[GIVEN RECORDS Boundary: Start]

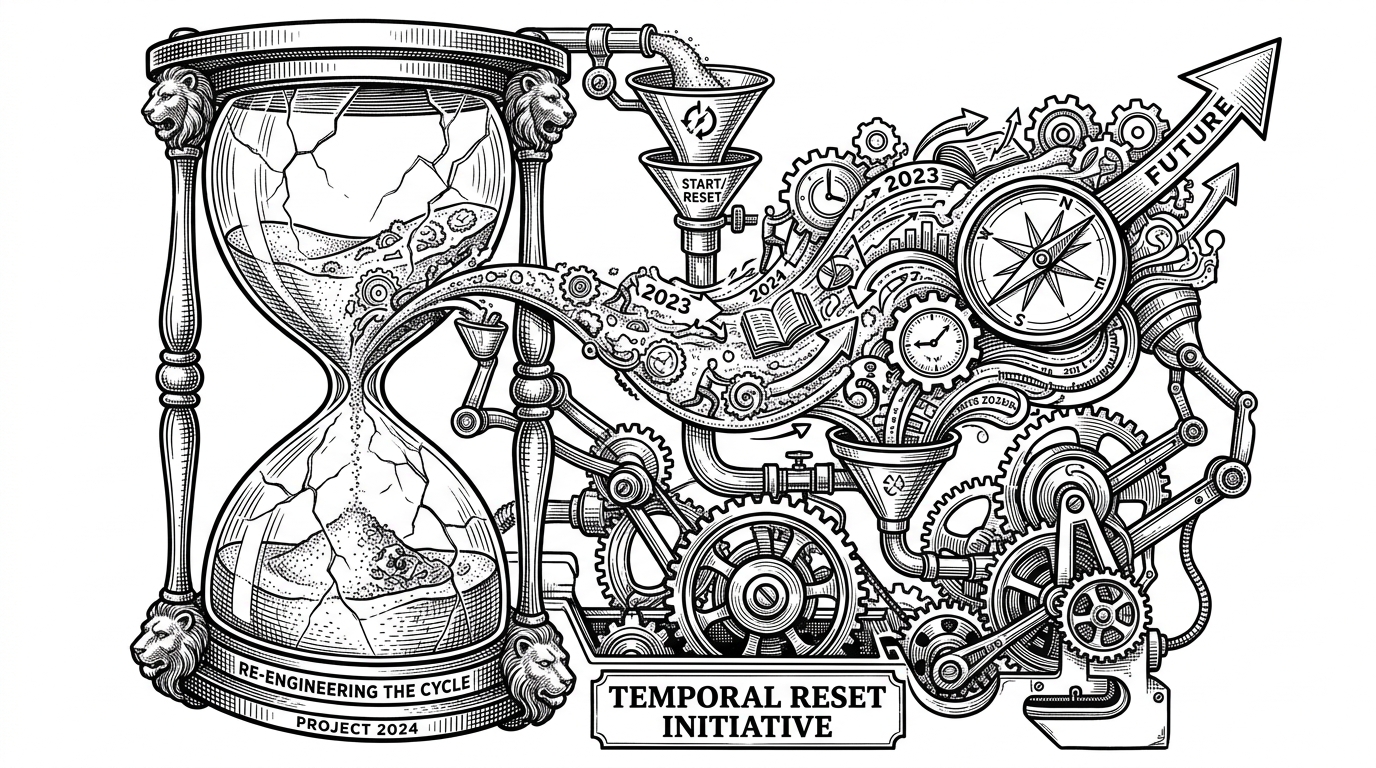 A close-up of a shattered hourglass where sand grains are suspended in mid-air and routed through mechanical funnels. This represents suspending execution state to bypass timeouts.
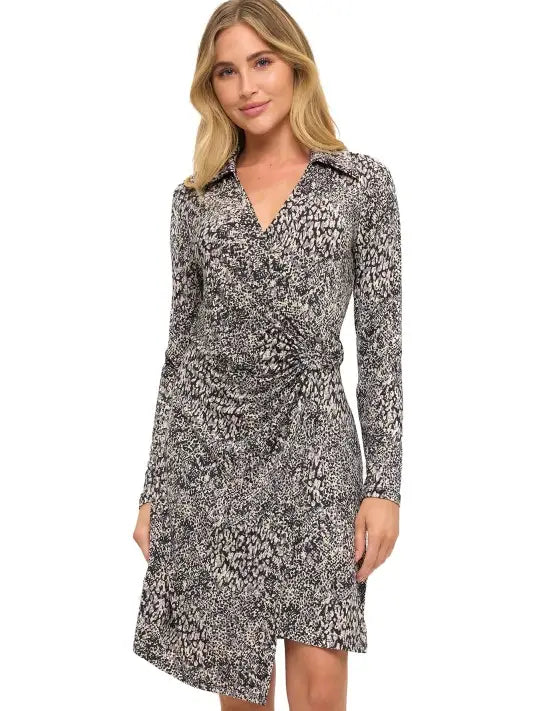 Animal Print Collared Wrap Front Long Sleeve Dress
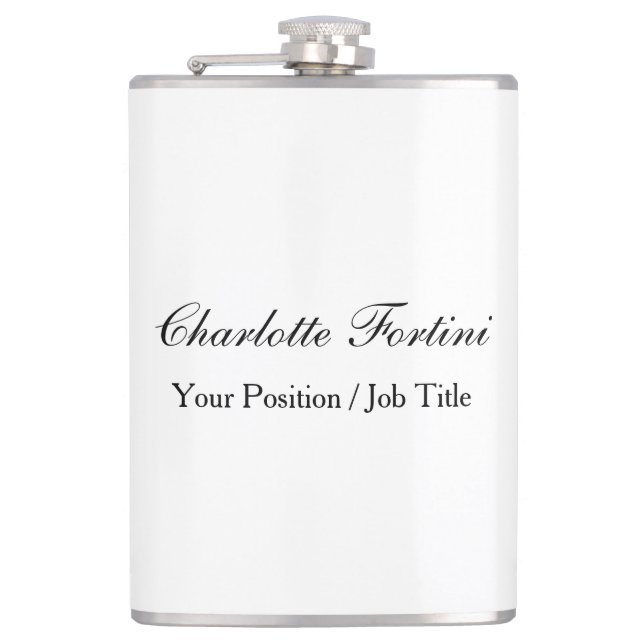 Minimalist Classical Handwriting Script Name Flask (Front)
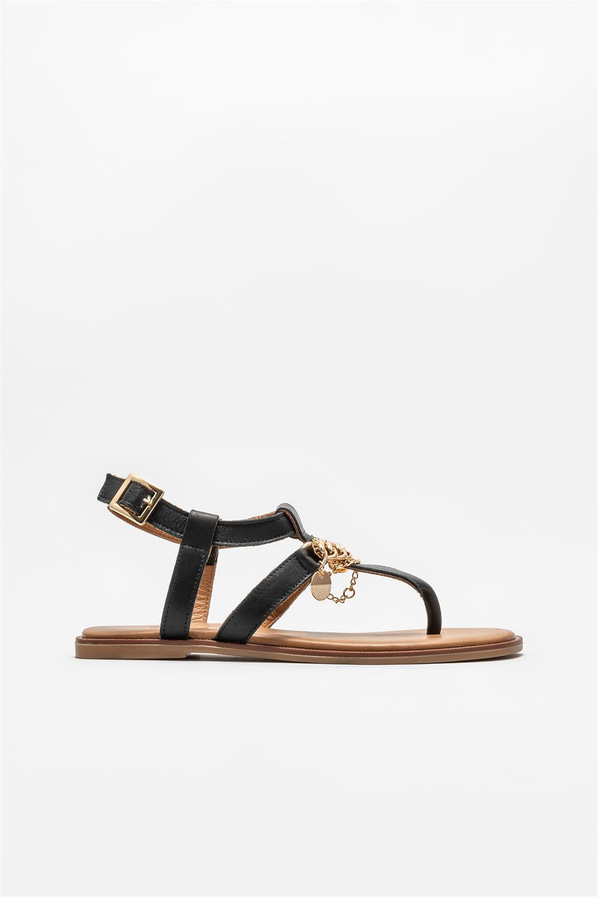 Siyah deri kadın sandalet - Elle Shoes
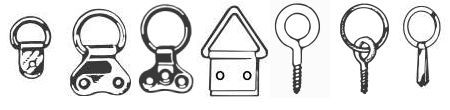 Variety of fixings for attaching to backs of frames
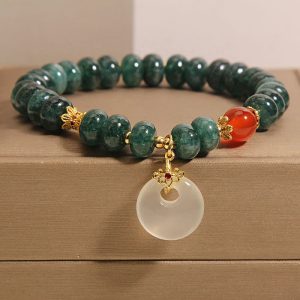 Buddha Stones Blue Jade Beads Peace Buckle Prosperity Bracelet - Jade(Wrist circumference: 15-16cm) - image 1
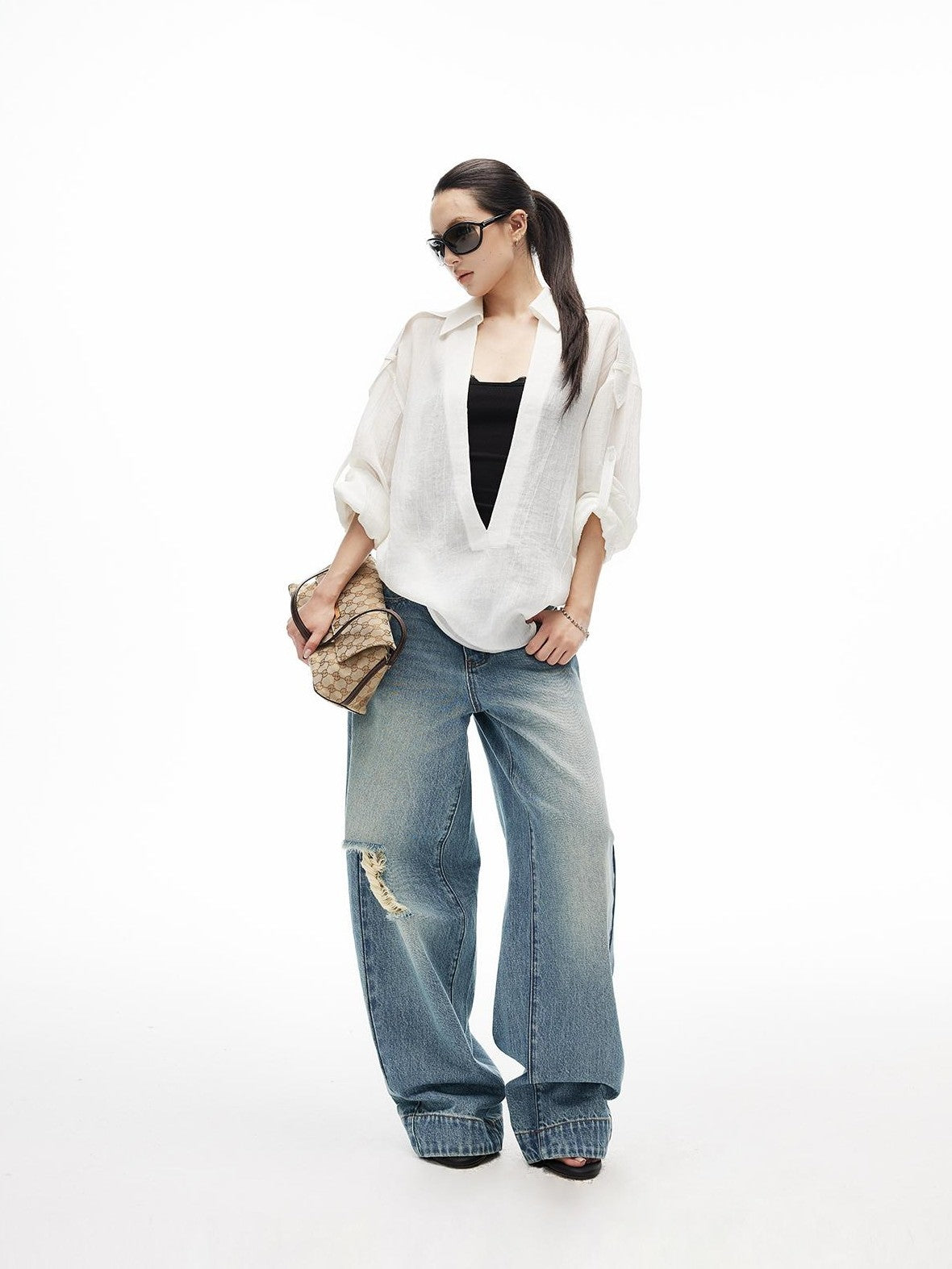 iamxiaa Wrinkled Texture Deep V-neck Shoulder Strap Convertible Sleeve Women&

[GIVEN RECORDS Boundary: End]

*WHAT THE TASK ASKS:*
Without the pictures, repeat the line with "Animal Print Collared" and every line after it to the end of the listing, and nothing else.

*OUTPUT OF THE TASK:*
 Animal Print Collared Wrap Front Long Sleeve Dress
 Minimalist Classical Handwriting Script Name Flask (Front)
 Siyah deri kadın sandalet - Elle Shoes
 Variety of fixings for attaching to backs of frames
 Buddha Stones Blue Jade Beads Peace Buckle Prosperity Bracelet - Jade(Wrist circumference: 15-16cm) - image 1
 iamxiaa Wrinkled Texture Deep V-neck Shoulder Strap Convertible Sleeve Women&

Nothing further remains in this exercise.